(Stored records)
++++++++
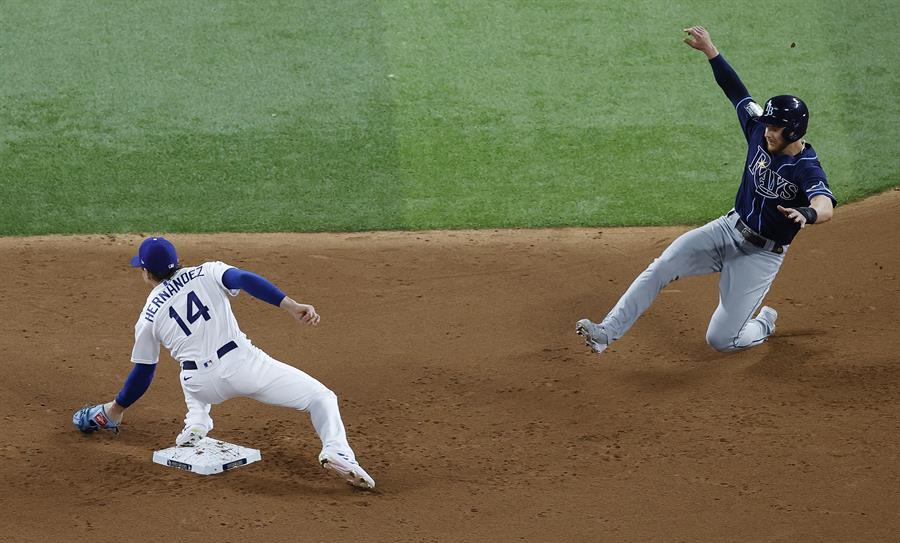 Boricua Hernández aporta una remolcada en victoria de Dodgers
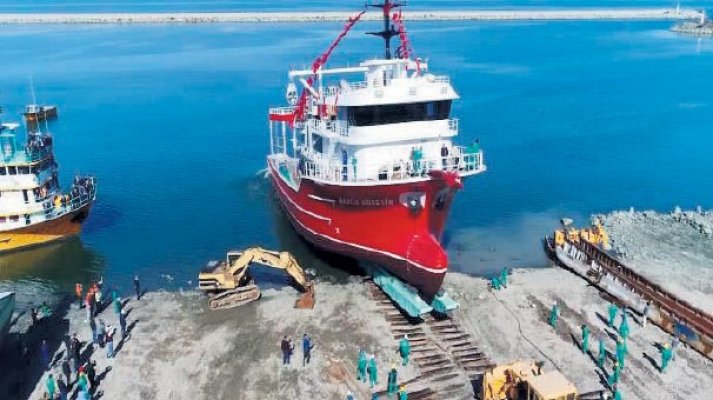 Sürmene’den dünyaya gemi yapıyorlar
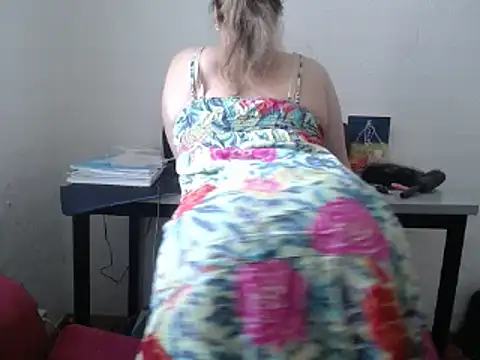 Snapshot of Milana235 chatting on March 19, 6:57 am Milana235 online show from March 19, 6:57 am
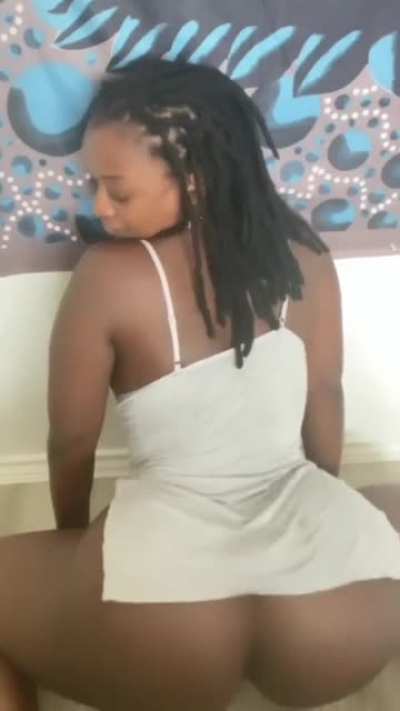 Sexy Ass Chocolate Bitch! 😍🤤😍😍🤤<wbr>🤤🍆🍆🍆🍆<wbr>🥴🥴💦💦💦<wbr>💦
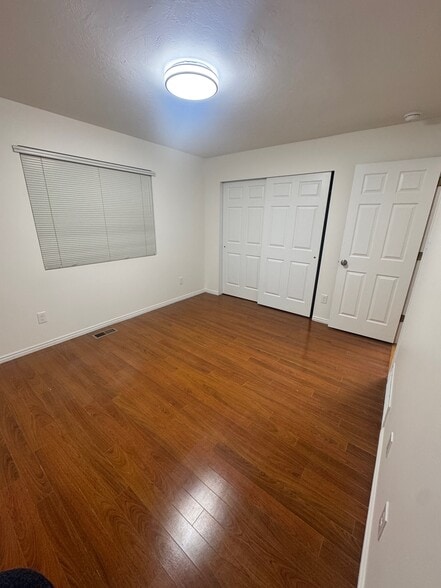 Building Photo - 917 N Dorothea Way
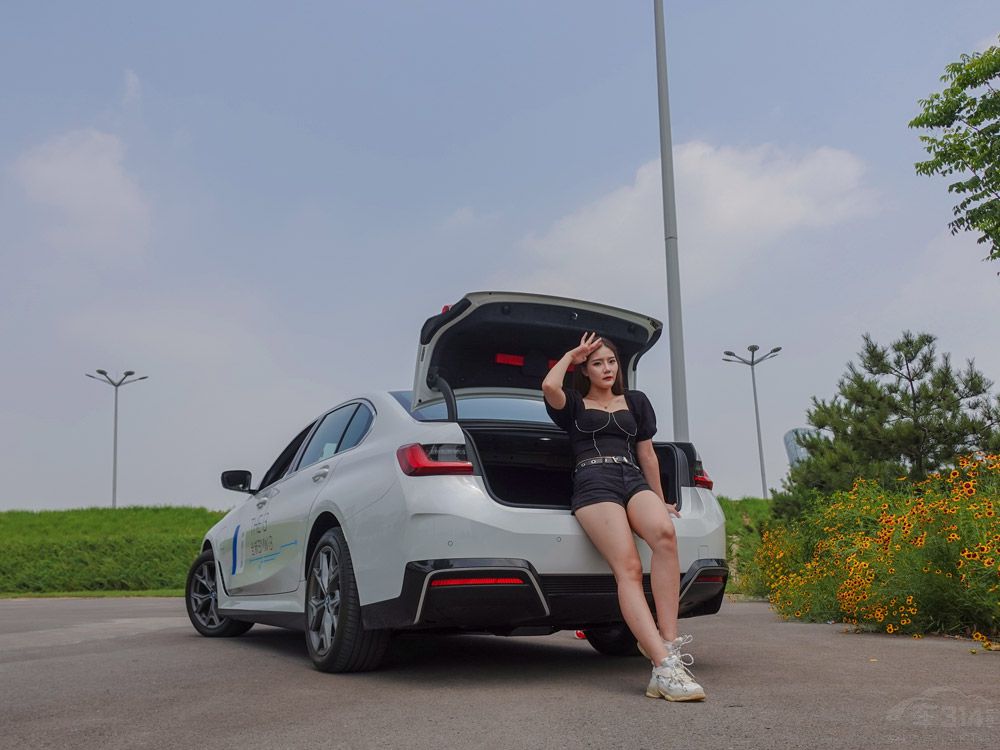 試駕寶馬i3 看美女依依如何馴服電動猛獸 試駕寶馬i3 看美女依依如何馴服電動猛獸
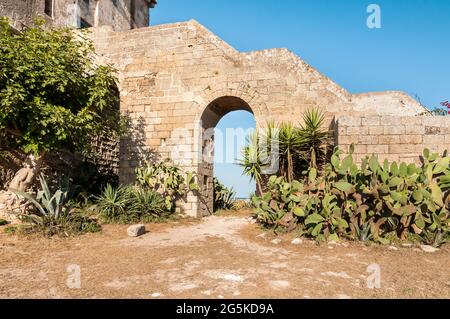 Blick auf den historischen Befestigungsturm - Torre Colimena im Dorf Manduria, Provinz Taranto, Apulien, Italien Stockfoto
++++++++
## Assignment:
I would like you to set down the lines above, from the one containing "Building Photo - 917 N Dorothea Way" to the final line, exactly as written and without pictures.

## Problem solution:
 Building Photo - 917 N Dorothea Way
 試駕寶馬i3 看美女依依如何馴服電動猛獸 試駕寶馬i3 看美女依依如何馴服電動猛獸
 Blick auf den historischen Befestigungsturm - Torre Colimena im Dorf Manduria, Provinz Taranto, Apulien, Italien Stockfoto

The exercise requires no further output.